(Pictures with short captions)
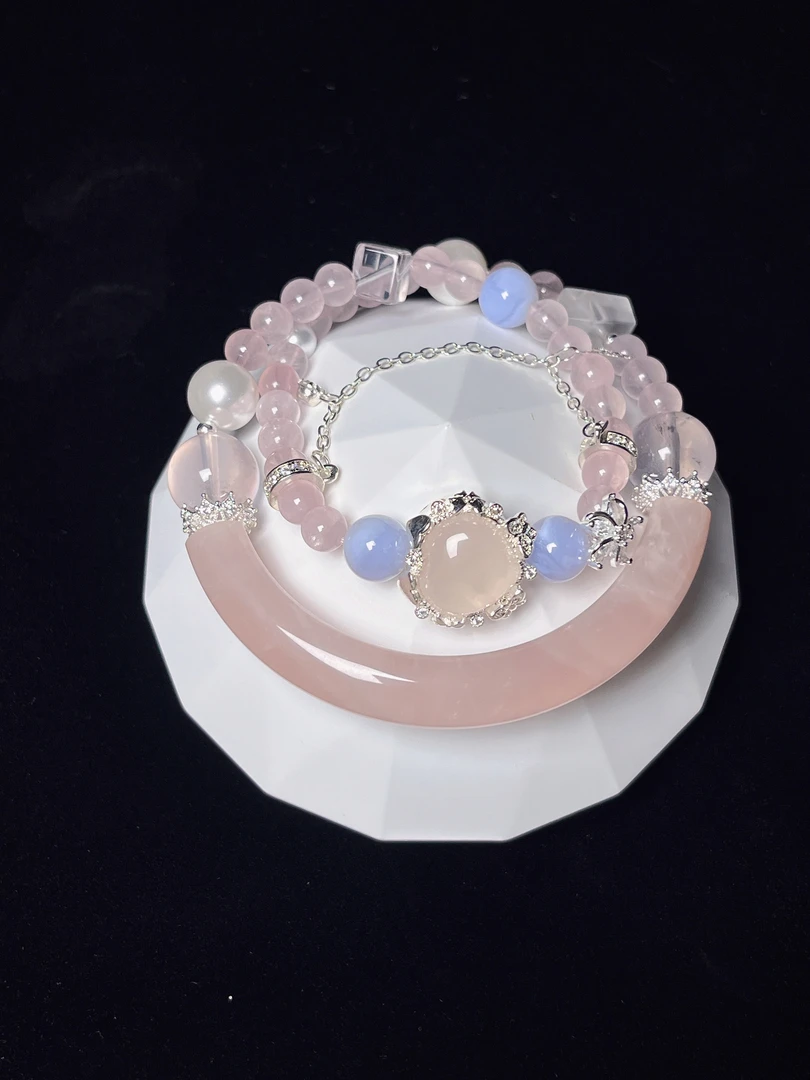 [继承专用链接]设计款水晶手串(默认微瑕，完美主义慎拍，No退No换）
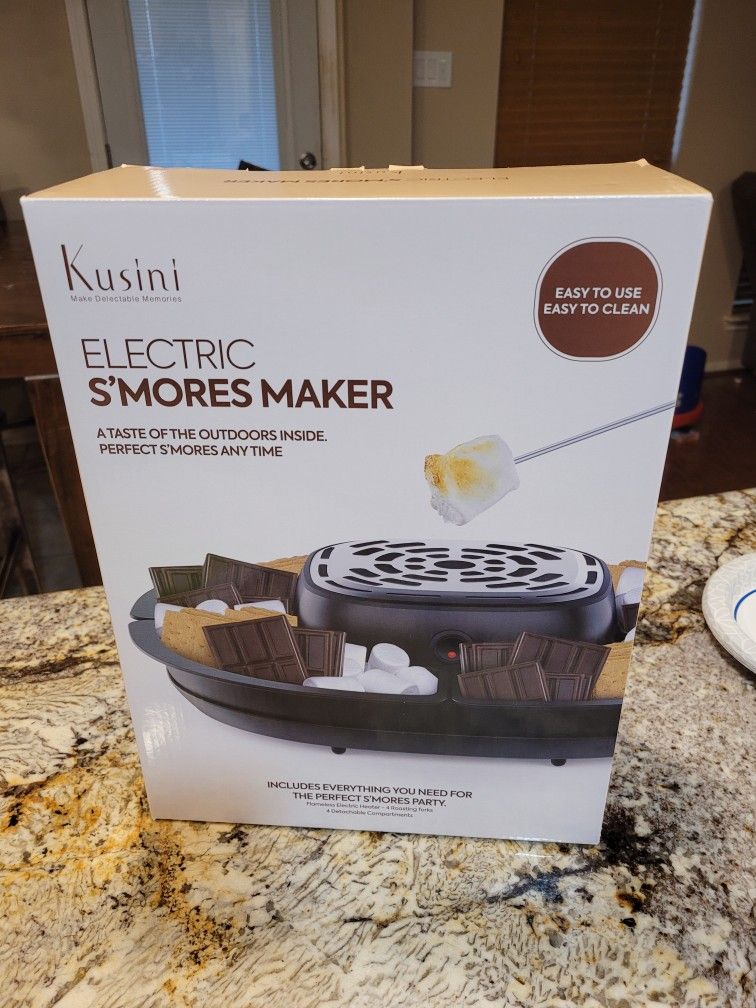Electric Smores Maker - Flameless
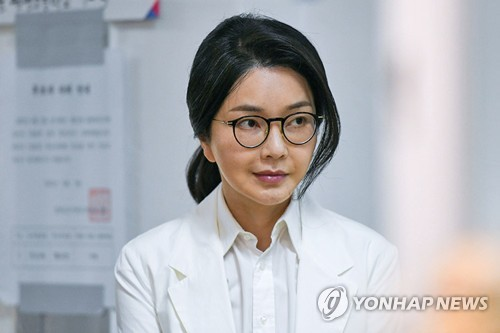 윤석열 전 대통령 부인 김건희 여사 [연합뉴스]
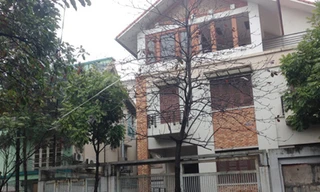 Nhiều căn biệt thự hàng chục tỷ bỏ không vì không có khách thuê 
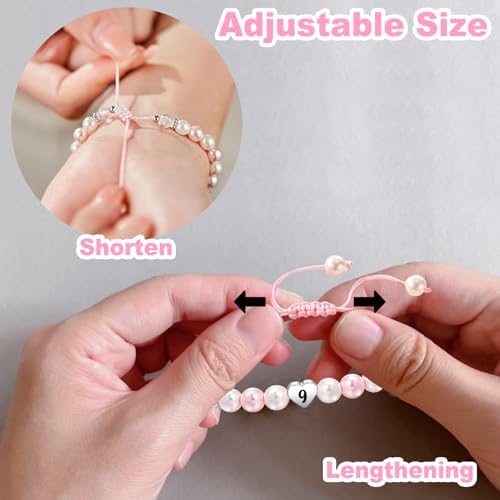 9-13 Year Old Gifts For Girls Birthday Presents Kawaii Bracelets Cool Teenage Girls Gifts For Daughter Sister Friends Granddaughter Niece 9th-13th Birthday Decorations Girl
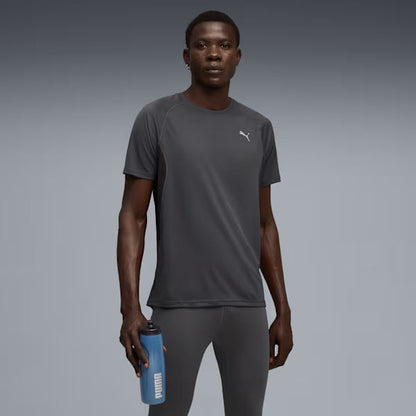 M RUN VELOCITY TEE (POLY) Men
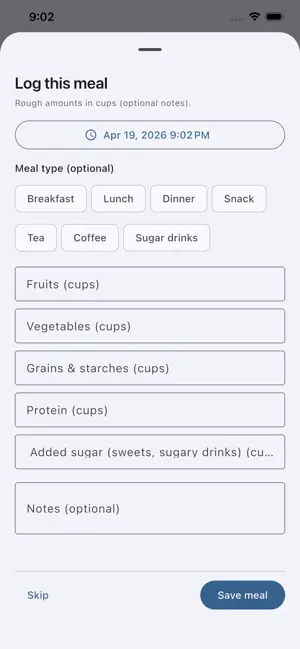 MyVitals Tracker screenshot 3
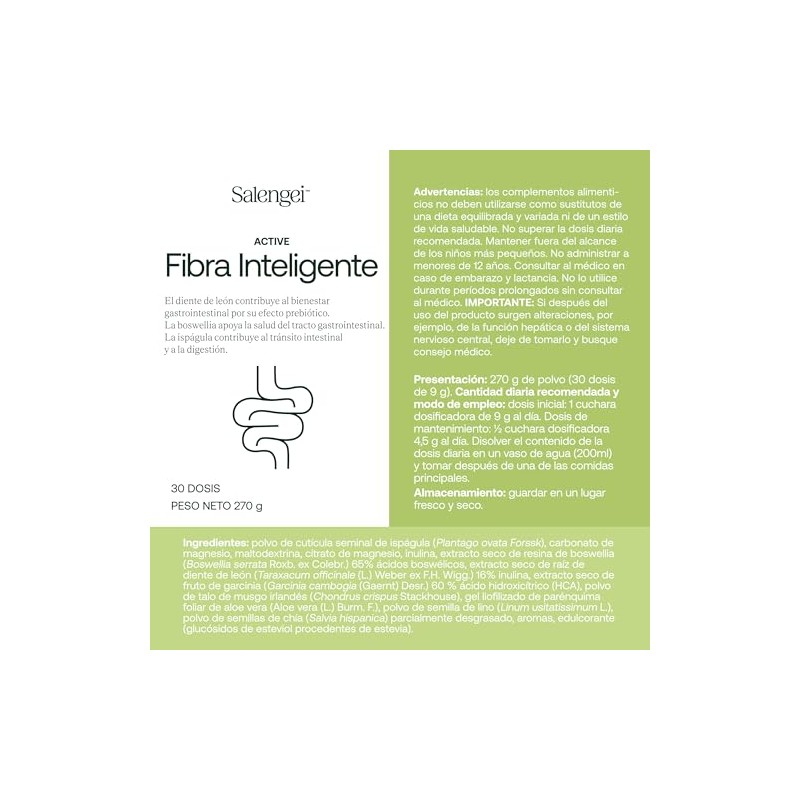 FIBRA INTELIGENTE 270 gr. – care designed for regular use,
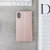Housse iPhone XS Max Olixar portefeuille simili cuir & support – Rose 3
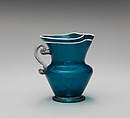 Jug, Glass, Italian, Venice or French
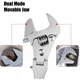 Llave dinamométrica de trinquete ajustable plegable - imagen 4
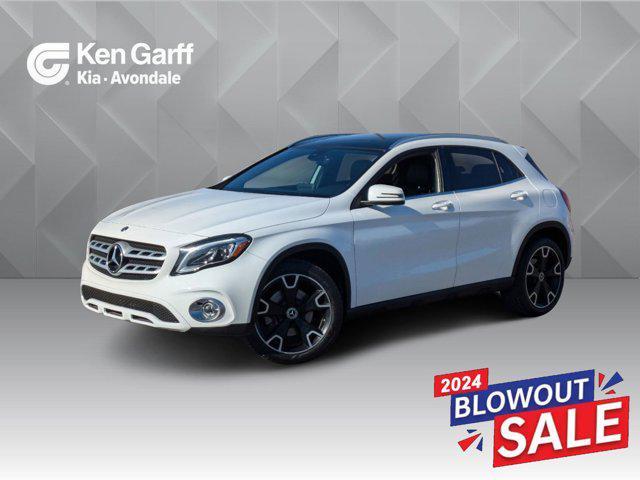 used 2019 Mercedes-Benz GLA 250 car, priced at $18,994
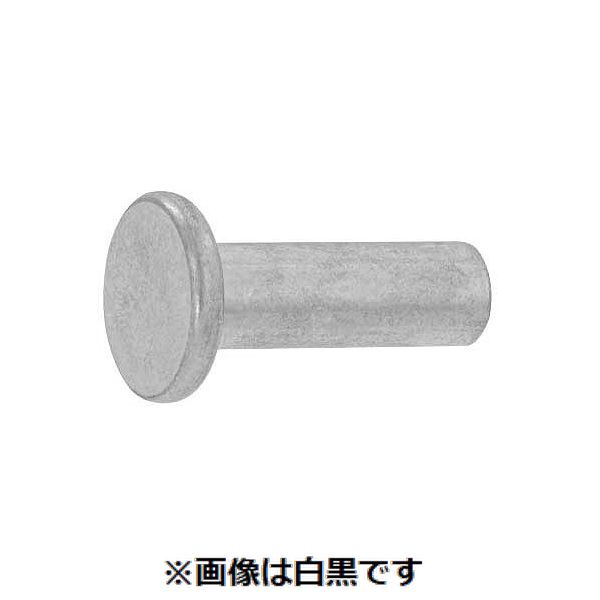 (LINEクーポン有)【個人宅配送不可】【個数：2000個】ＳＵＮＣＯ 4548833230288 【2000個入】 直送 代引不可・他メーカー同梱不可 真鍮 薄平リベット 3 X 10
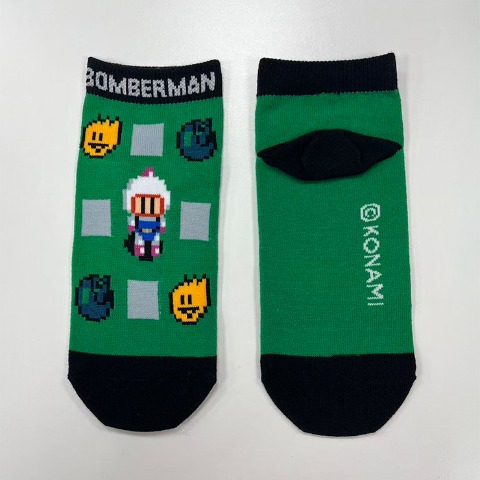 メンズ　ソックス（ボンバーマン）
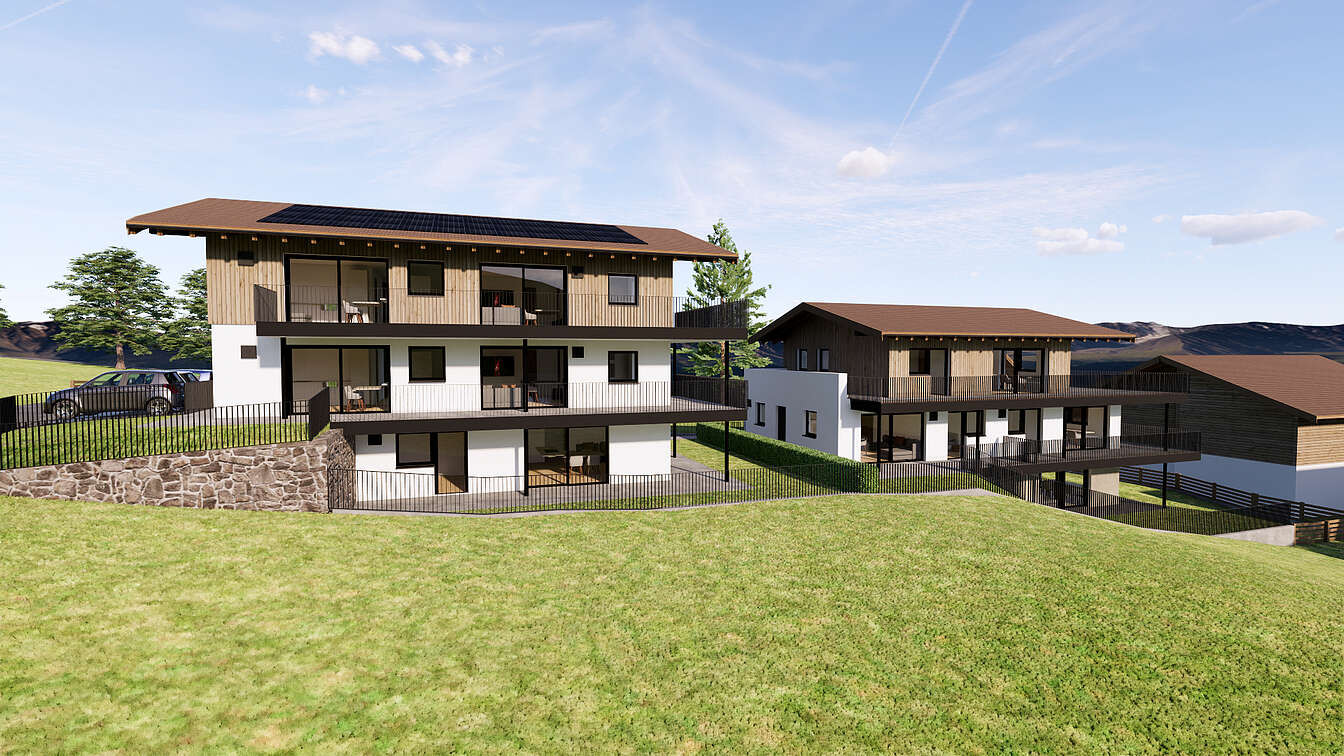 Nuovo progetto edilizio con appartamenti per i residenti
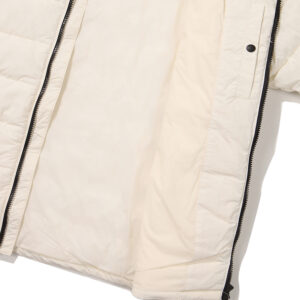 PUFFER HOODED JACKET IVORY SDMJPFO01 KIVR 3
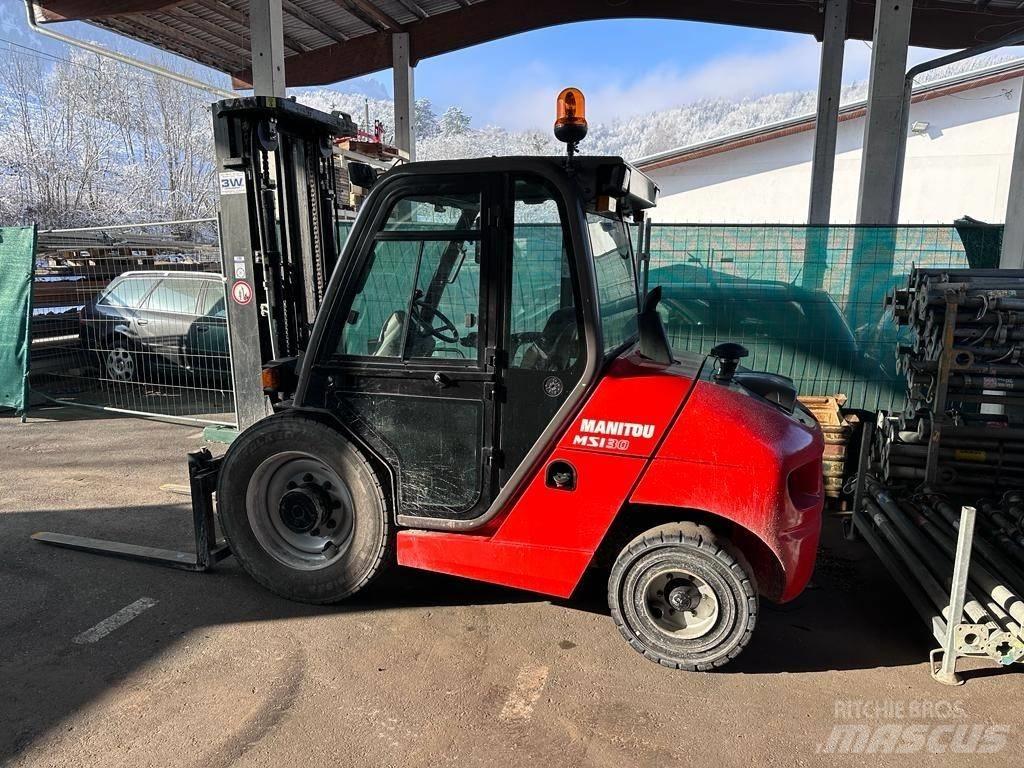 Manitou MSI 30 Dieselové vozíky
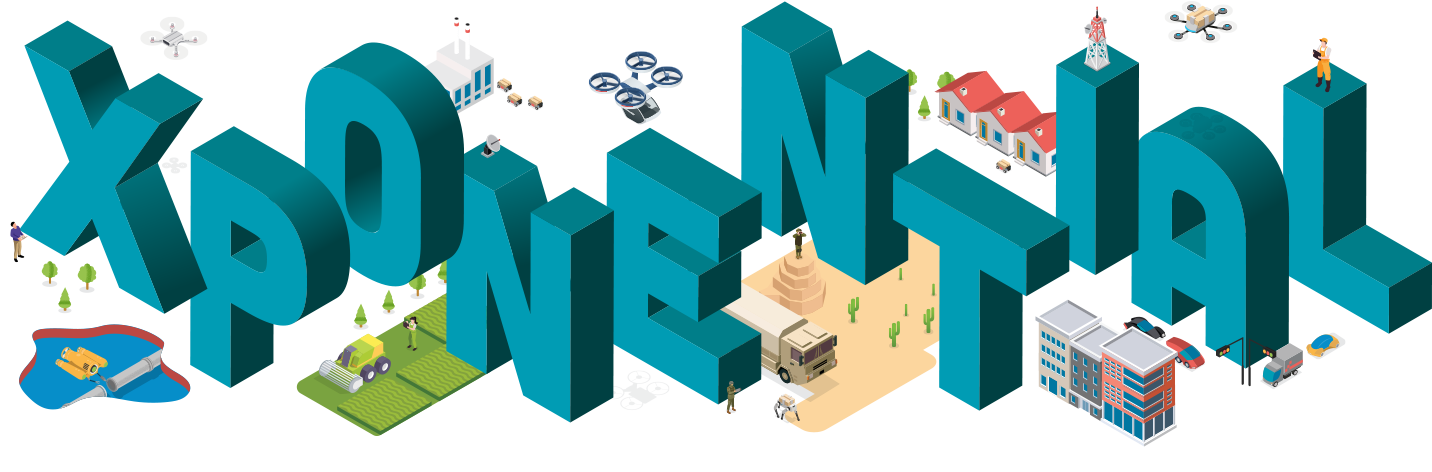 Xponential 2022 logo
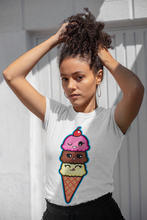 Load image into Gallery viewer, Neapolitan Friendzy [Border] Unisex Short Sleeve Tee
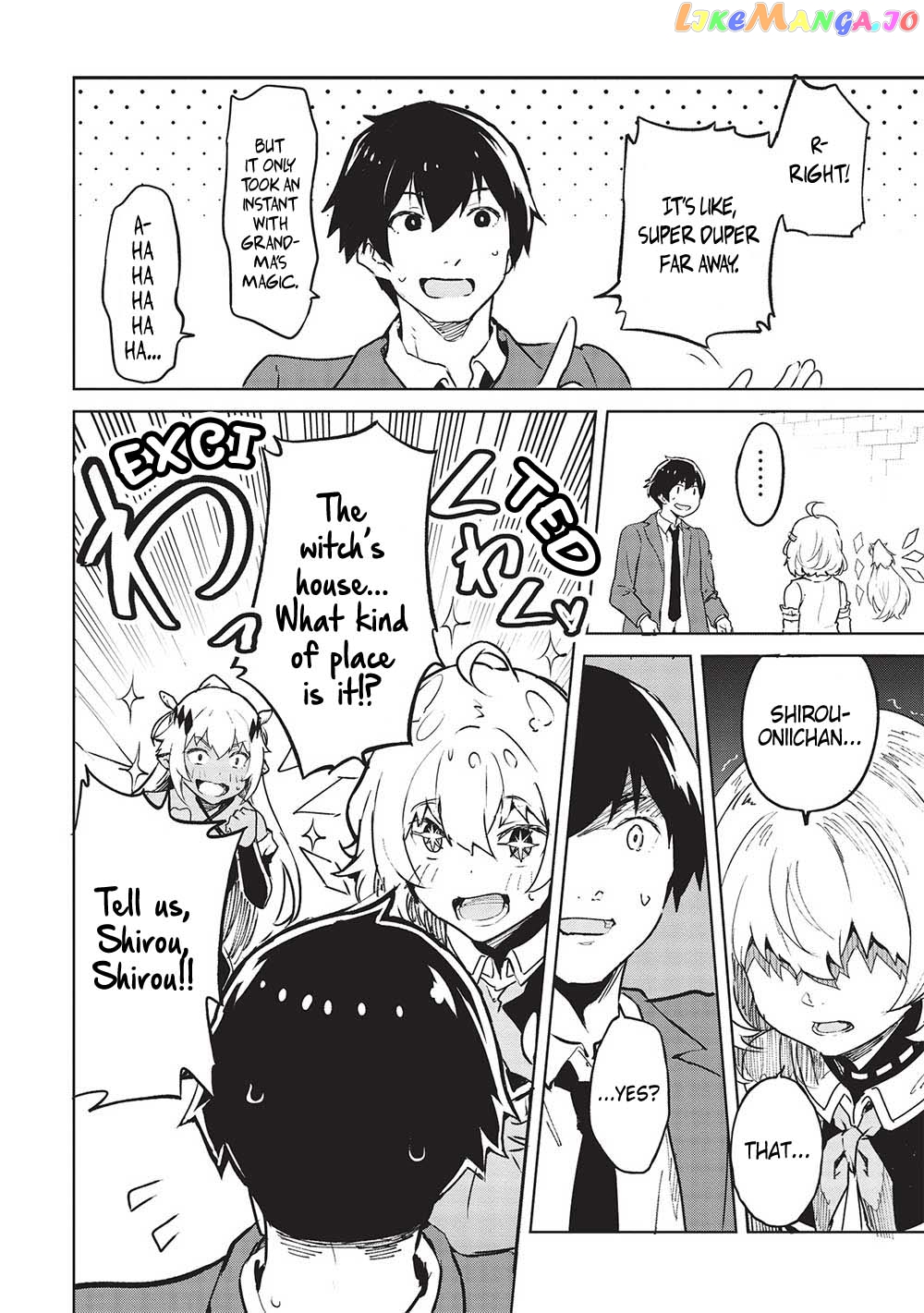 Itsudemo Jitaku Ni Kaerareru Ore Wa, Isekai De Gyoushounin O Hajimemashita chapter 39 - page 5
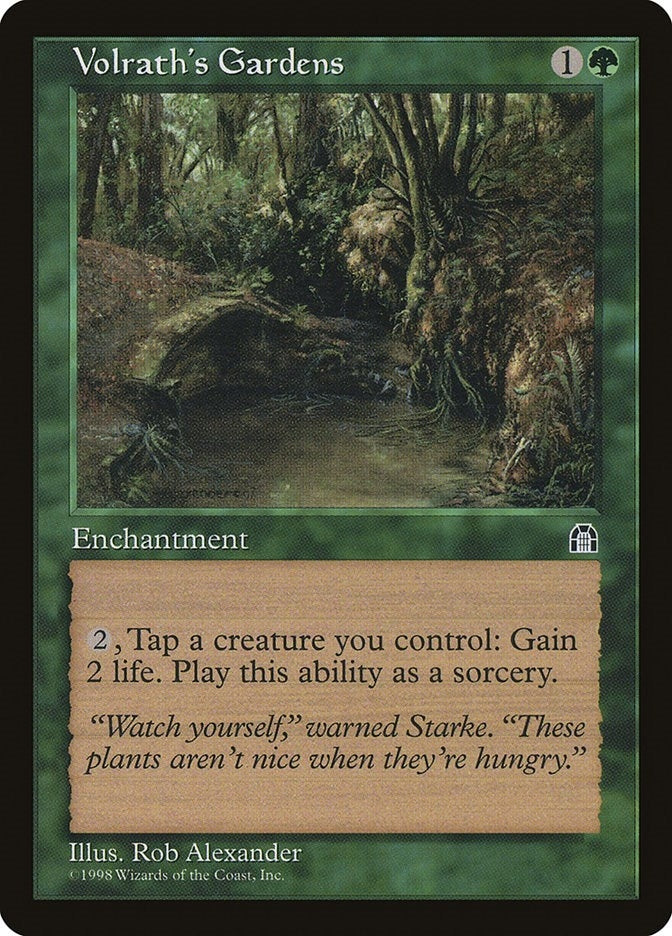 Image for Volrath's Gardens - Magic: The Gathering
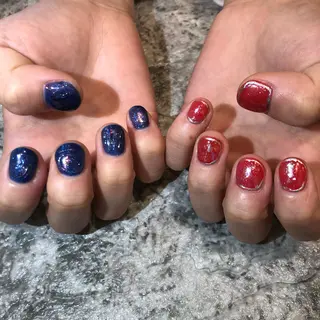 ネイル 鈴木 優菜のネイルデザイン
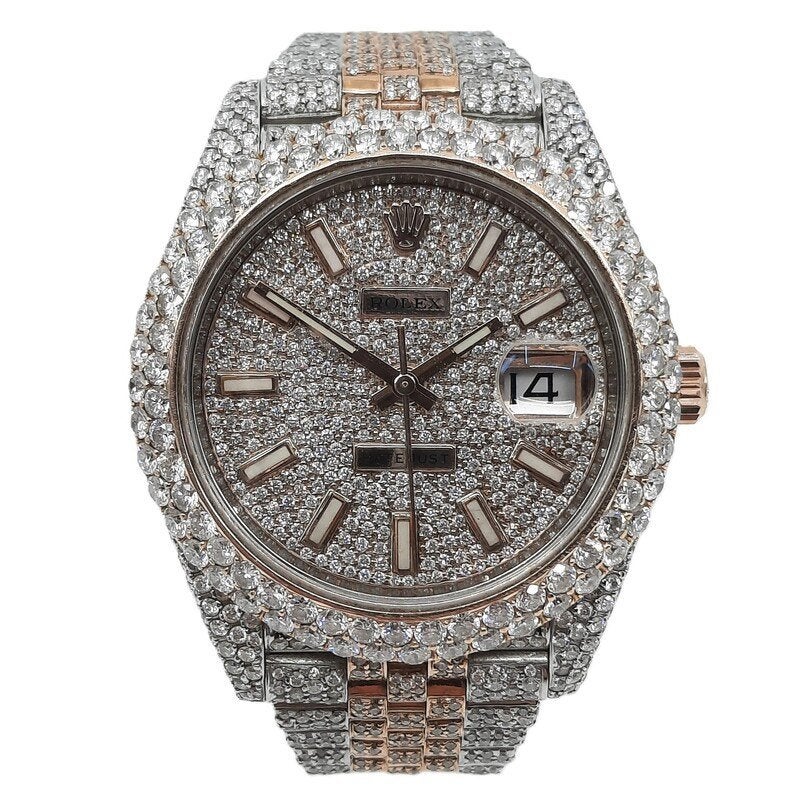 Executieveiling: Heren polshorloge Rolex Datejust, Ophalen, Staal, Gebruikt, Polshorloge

> [TASK PROMPT] Find the line with "メンズ　ソックス（ボンバーマン）" in the data above, and from there retype each line exactly through the line with "Load image into", skipping the pictures along the way.

> [EXPECTED ANSWER]
 メンズ　ソックス（ボンバーマン）
 Nuovo progetto edilizio con appartamenti per i residenti
 PUFFER HOODED JACKET IVORY SDMJPFO01 KIVR 3
 Manitou MSI 30 Dieselové vozíky
 Xponential 2022 logo
 Load image into Gallery viewer, Neapolitan Friendzy [Border] Unisex Short Sleeve Tee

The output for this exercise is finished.